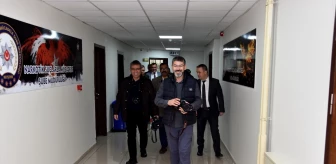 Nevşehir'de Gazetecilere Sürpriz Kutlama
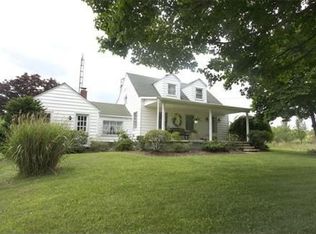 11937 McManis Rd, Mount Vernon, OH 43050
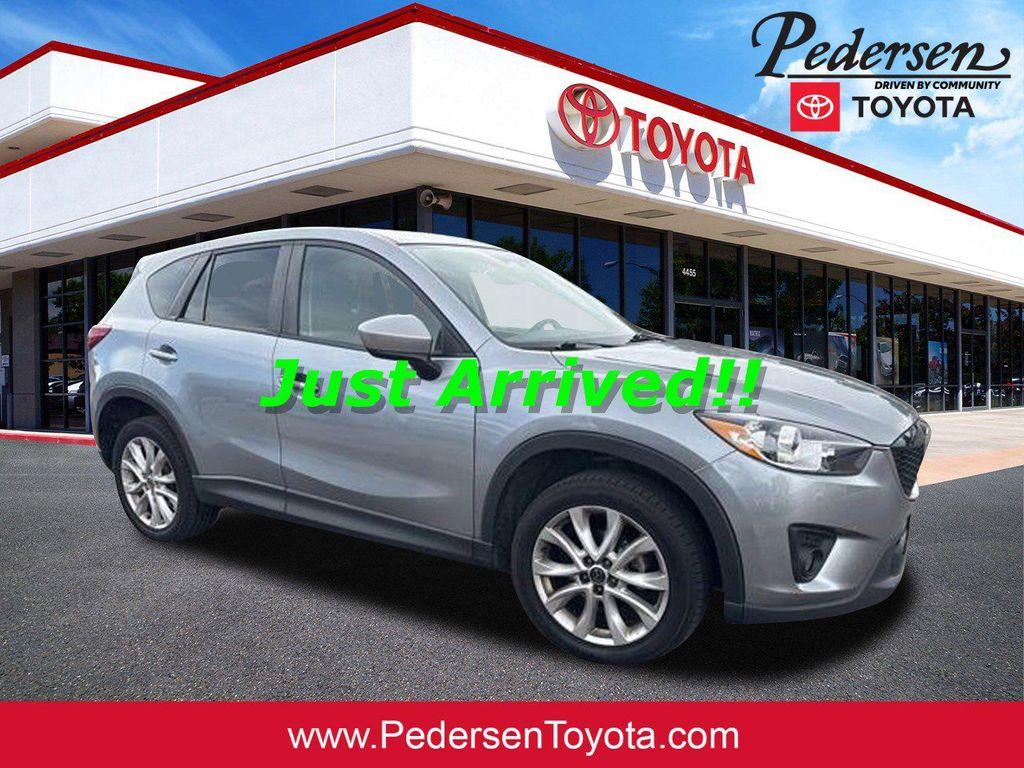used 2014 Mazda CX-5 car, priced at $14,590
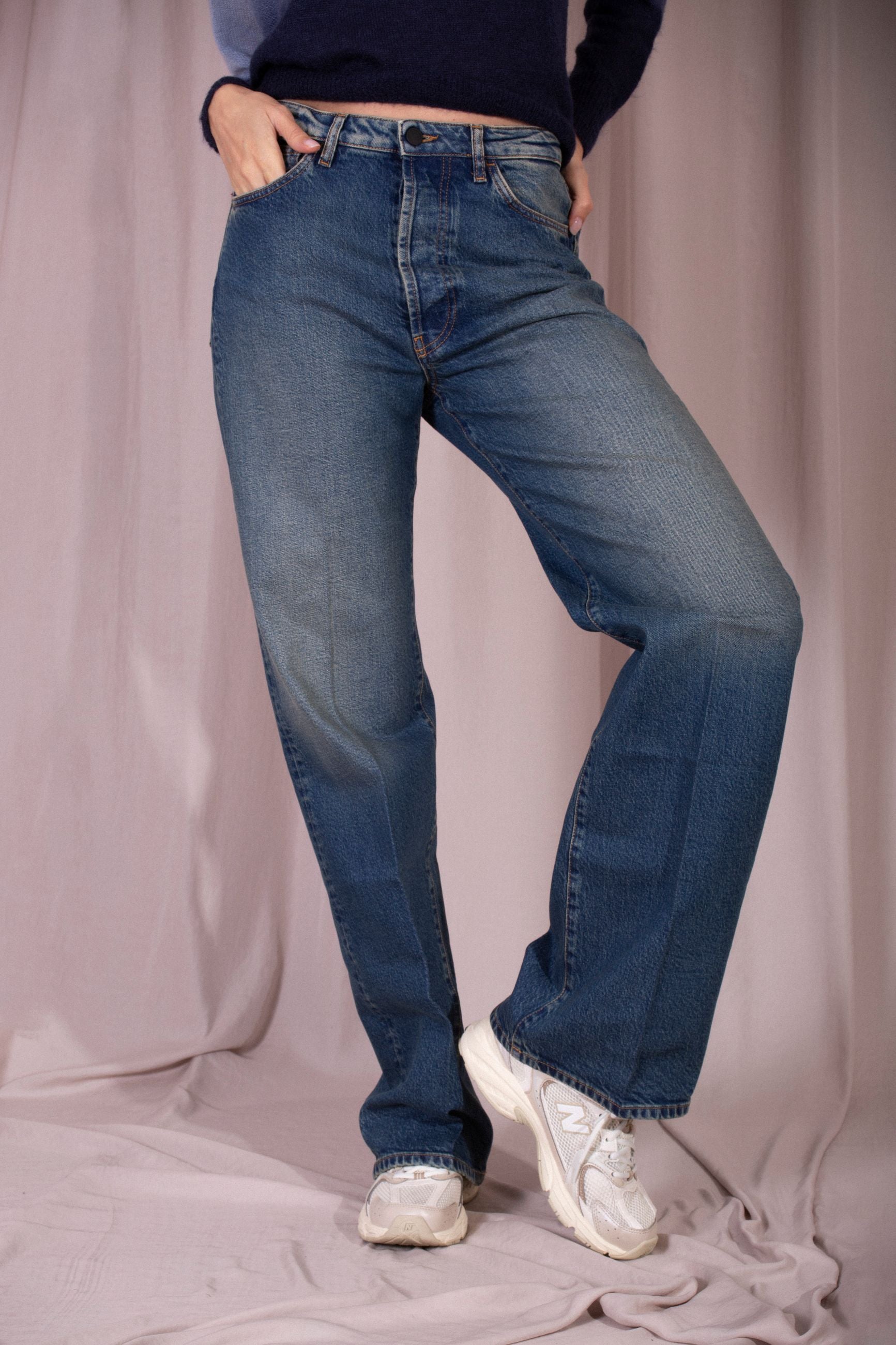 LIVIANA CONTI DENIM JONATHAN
● ● ●
### Aim of the task
Copy every line of the data word for word, omitting the images.

### Response to the task
 Nevşehir'de Gazetecilere Sürpriz Kutlama
 11937 McManis Rd, Mount Vernon, OH 43050
used 2014 Mazda CX-5 car, priced at $14,590
 LIVIANA CONTI DENIM JONATHAN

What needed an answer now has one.